■ WHAT THE EXERCISE ASKS ■
Once the pictures are set aside, repeat all of the data below exactly.
☆ ☆ ☆ ☆
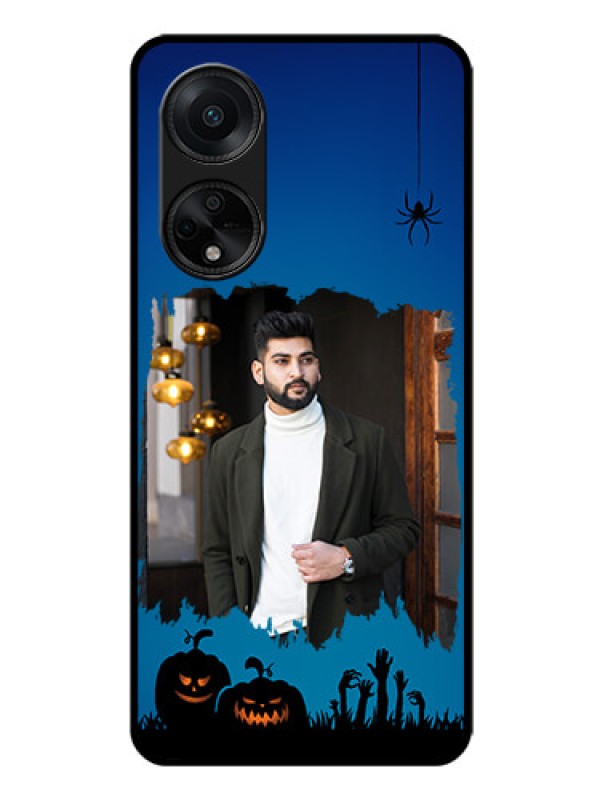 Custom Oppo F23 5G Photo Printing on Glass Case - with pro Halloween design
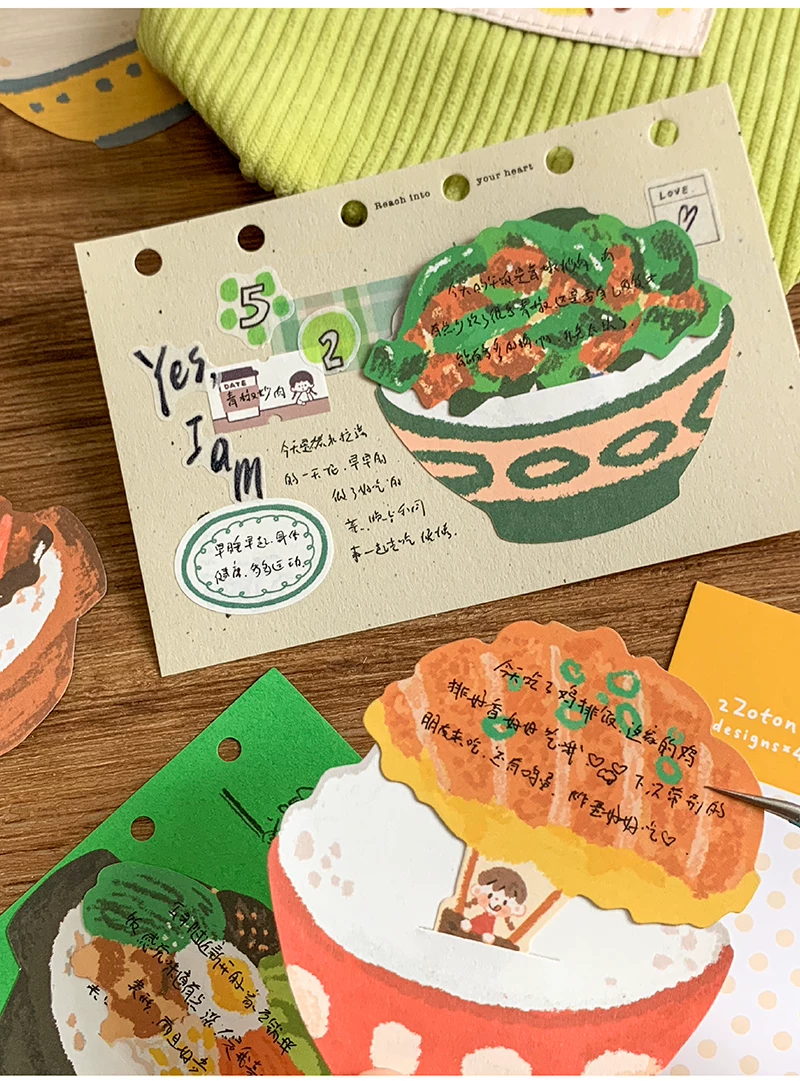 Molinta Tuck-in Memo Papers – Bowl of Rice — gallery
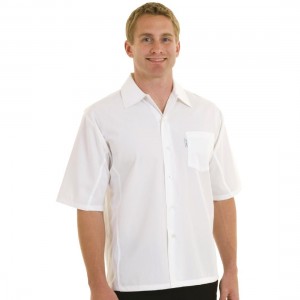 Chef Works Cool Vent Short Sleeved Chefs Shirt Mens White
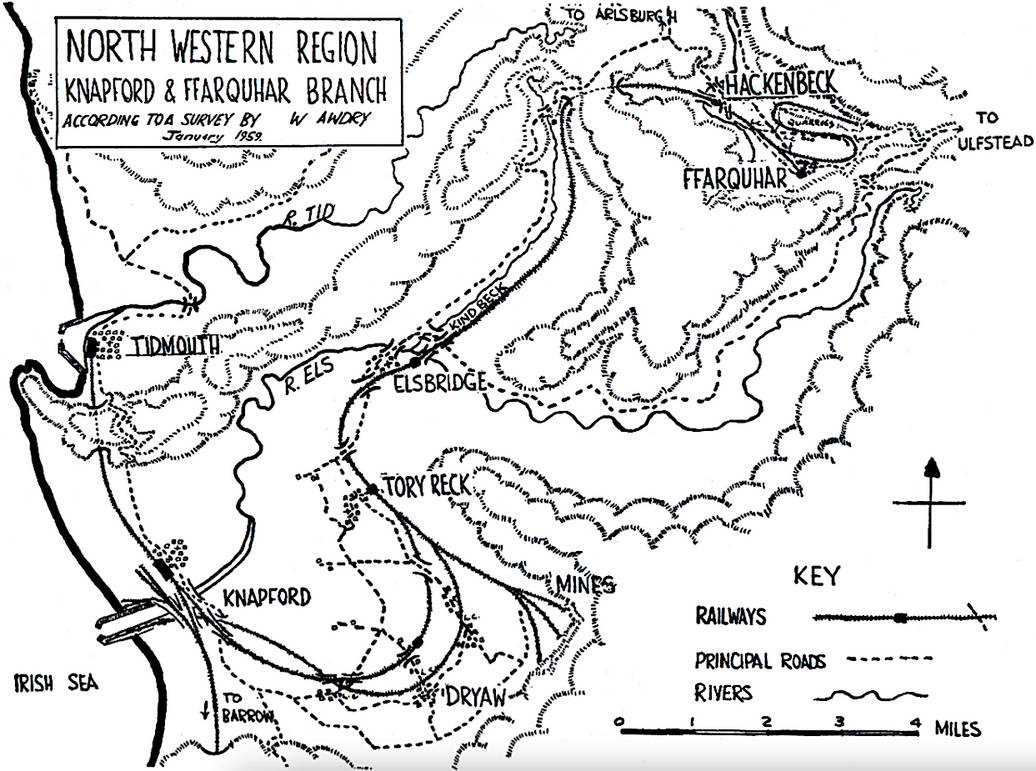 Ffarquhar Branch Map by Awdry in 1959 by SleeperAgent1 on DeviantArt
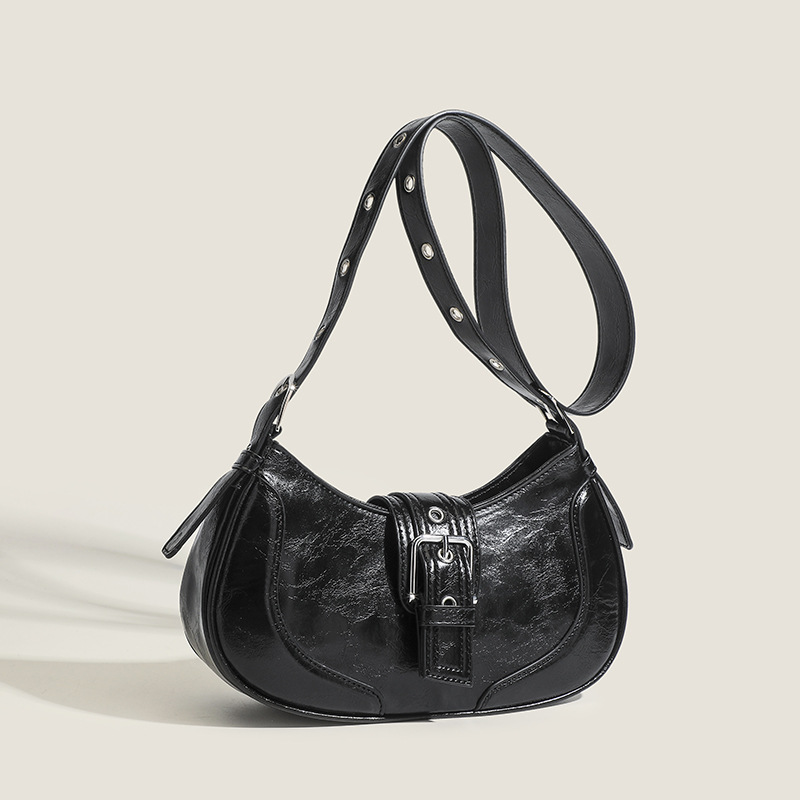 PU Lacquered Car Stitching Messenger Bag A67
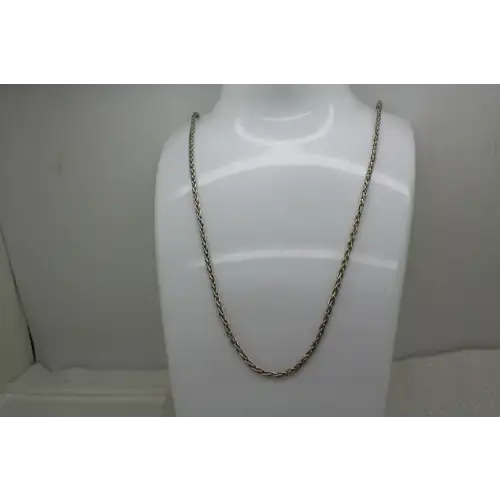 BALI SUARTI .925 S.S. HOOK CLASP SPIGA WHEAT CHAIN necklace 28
☆ ☆ ☆ ☆
■ REPLY ■
 Custom Oppo F23 5G Photo Printing on Glass Case - with pro Halloween design
 Molinta Tuck-in Memo Papers – Bowl of Rice — gallery
 Chef Works Cool Vent Short Sleeved Chefs Shirt Mens White
 Ffarquhar Branch Map by Awdry in 1959 by SleeperAgent1 on DeviantArt
 PU Lacquered Car Stitching Messenger Bag A67
 BALI SUARTI .925 S.S. HOOK CLASP SPIGA WHEAT CHAIN necklace 28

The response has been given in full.